What is required: Every line from the one containing "Joel Dahmen's quality" to the end of the data below should be copied exactly, but pictures should not.

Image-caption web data
• • •
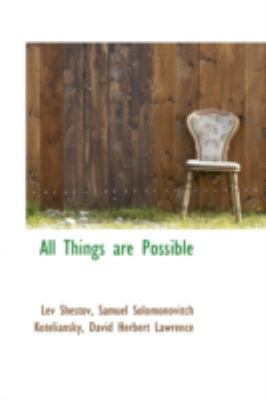 All Things Are Possible:   2008 9780559212611 Front Cover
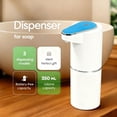 thumbnail image 4 of Automatic-Foaming-Soap-Dispenser-Touchless, White Hand Soap Dispenser 13oz/350ml Wall Mounted & Countertop Design（sky blue）, 4 of 5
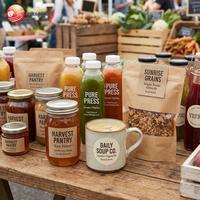 Autocollant d'étiquette de fruits d'impression ronde personnalisée pour l'emballage des aliments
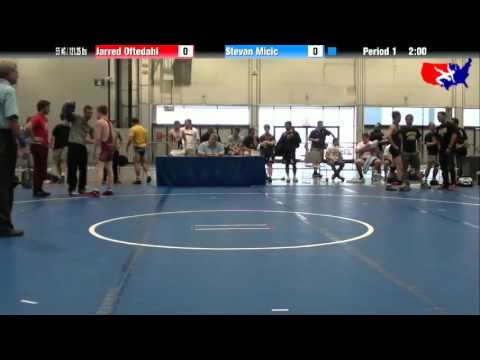 Jarred Oftedahl vs. Stevan Micic at 2013 Junior Nationals - FILA - FS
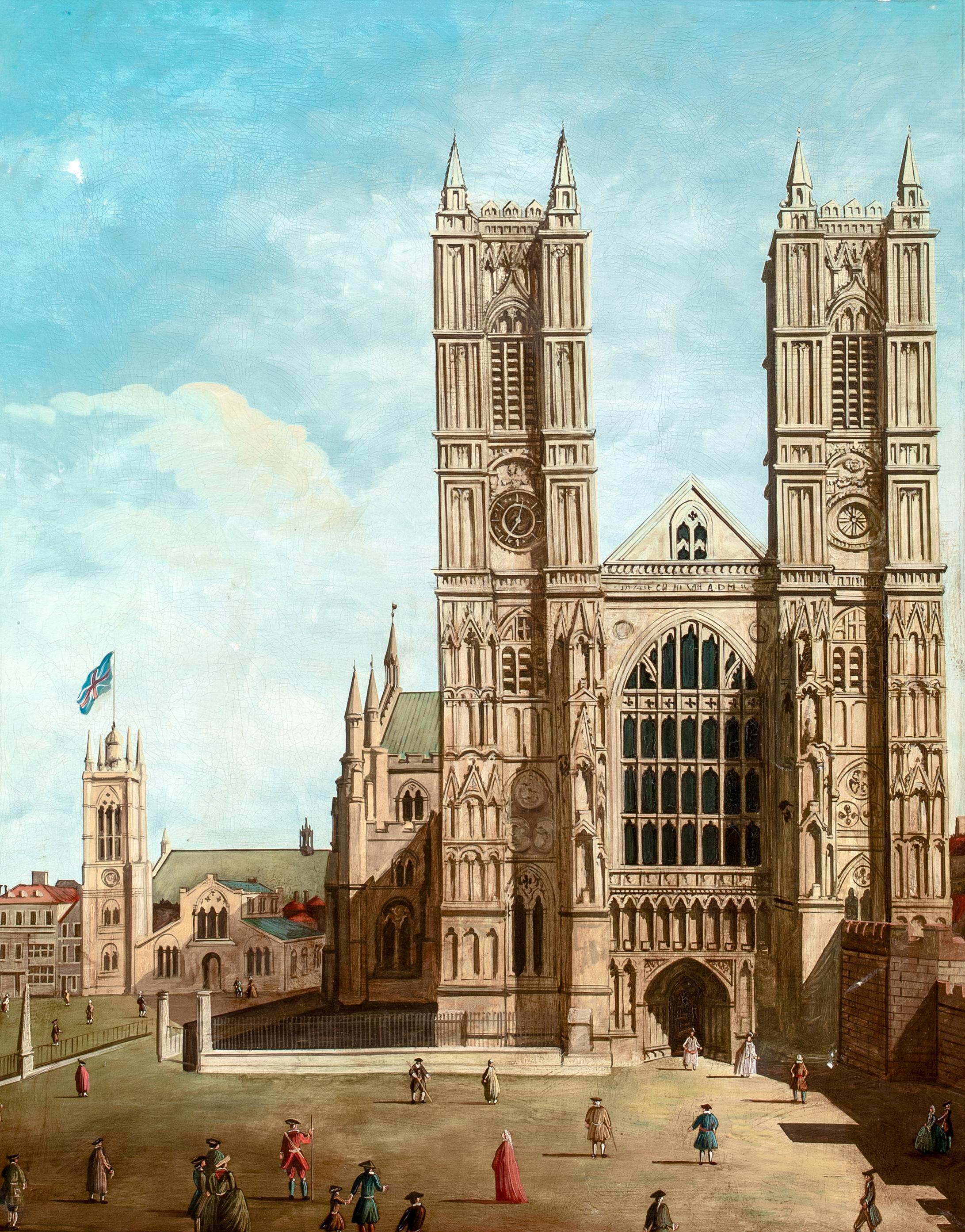 Westminster Abbey, London, 19. Jahrhundert  follower von CANALETTO (1697-1768) im Angebot 1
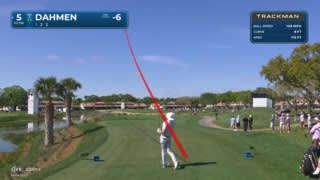 Joel Dahmen's quality tee shot leads to birdie at Cognizant Classic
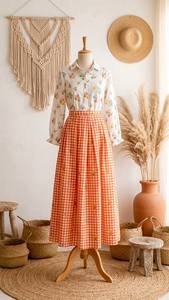 Vestido Beautiful Days Soft Breeze Maxi, Vestido Elegante de Algodón con Corte Evase, te ayuda a lucir elegante con facilidad - Product Image 2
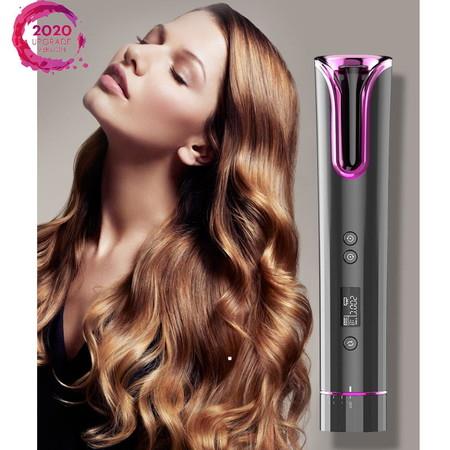 2020 Exclusive Cordless Automatic Hair Curlers Rollers Ceramic Barrel TYPE-C 4800mAh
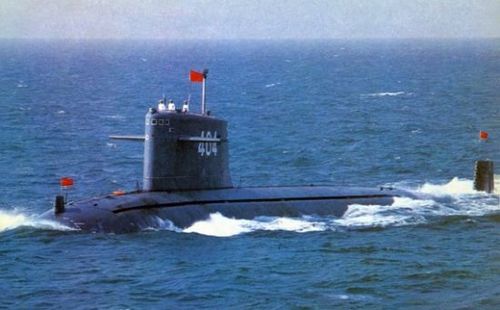 资料图:中国海军091汉级404号核潜艇作战训练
• • •
Finished exercise:
 Joel Dahmen's quality tee shot leads to birdie at Cognizant Classic
 Vestido Beautiful Days Soft Breeze Maxi, Vestido Elegante de Algodón con Corte Evase, te ayuda a lucir elegante con facilidad - Product Image 2
 2020 Exclusive Cordless Automatic Hair Curlers Rollers Ceramic Barrel TYPE-C 4800mAh
 资料图:中国海军091汉级404号核潜艇作战训练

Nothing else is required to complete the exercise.